* [Work order]: Restate word for word the entries below, starting with the line with "Red and yellow" and continuing through the line with "Blauw gingham patroon voerbakje (Rechts)". Include both of those lines and no others.

* [Material for this task]:
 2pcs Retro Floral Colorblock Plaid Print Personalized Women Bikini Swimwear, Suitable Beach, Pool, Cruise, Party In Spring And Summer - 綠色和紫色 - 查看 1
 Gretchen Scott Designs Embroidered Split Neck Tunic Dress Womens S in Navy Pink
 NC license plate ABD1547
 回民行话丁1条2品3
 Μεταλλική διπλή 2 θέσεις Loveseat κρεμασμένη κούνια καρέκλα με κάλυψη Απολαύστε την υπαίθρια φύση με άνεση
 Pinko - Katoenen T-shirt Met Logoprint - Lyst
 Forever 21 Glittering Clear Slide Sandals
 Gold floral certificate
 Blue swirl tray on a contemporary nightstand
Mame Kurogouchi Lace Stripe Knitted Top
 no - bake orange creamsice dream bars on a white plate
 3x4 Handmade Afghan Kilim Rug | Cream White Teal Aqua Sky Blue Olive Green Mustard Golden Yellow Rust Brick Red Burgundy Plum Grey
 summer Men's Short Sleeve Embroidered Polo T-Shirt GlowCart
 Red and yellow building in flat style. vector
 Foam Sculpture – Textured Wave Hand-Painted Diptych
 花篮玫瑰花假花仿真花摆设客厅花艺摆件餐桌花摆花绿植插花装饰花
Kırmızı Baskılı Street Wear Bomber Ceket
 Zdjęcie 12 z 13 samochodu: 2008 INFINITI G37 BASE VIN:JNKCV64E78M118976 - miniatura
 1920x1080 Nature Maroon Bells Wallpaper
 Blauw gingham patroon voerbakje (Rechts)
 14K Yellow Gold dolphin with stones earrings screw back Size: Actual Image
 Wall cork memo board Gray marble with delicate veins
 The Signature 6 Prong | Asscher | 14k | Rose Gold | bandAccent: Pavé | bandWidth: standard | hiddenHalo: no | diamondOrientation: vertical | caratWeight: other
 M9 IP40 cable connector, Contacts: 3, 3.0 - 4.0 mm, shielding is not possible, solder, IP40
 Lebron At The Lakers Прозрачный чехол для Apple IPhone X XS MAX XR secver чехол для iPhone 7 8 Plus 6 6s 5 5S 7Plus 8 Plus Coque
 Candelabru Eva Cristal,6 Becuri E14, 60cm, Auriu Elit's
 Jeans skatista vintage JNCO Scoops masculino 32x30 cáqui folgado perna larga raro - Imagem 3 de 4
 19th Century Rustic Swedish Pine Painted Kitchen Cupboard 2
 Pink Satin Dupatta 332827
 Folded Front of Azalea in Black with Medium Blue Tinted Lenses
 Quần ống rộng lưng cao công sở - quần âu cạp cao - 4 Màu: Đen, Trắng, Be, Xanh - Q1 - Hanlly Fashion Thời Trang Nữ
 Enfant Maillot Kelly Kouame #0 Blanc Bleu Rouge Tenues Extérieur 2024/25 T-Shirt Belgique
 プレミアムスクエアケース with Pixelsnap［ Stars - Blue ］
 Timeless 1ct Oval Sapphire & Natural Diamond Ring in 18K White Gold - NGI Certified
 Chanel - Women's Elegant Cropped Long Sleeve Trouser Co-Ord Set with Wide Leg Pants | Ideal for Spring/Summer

* [Exercise solution]:
 Red and yellow building in flat style. vector
 Foam Sculpture – Textured Wave Hand-Painted Diptych
 花篮玫瑰花假花仿真花摆设客厅花艺摆件餐桌花摆花绿植插花装饰花
Kırmızı Baskılı Street Wear Bomber Ceket
 Zdjęcie 12 z 13 samochodu: 2008 INFINITI G37 BASE VIN:JNKCV64E78M118976 - miniatura
 1920x1080 Nature Maroon Bells Wallpaper
 Blauw gingham patroon voerbakje (Rechts)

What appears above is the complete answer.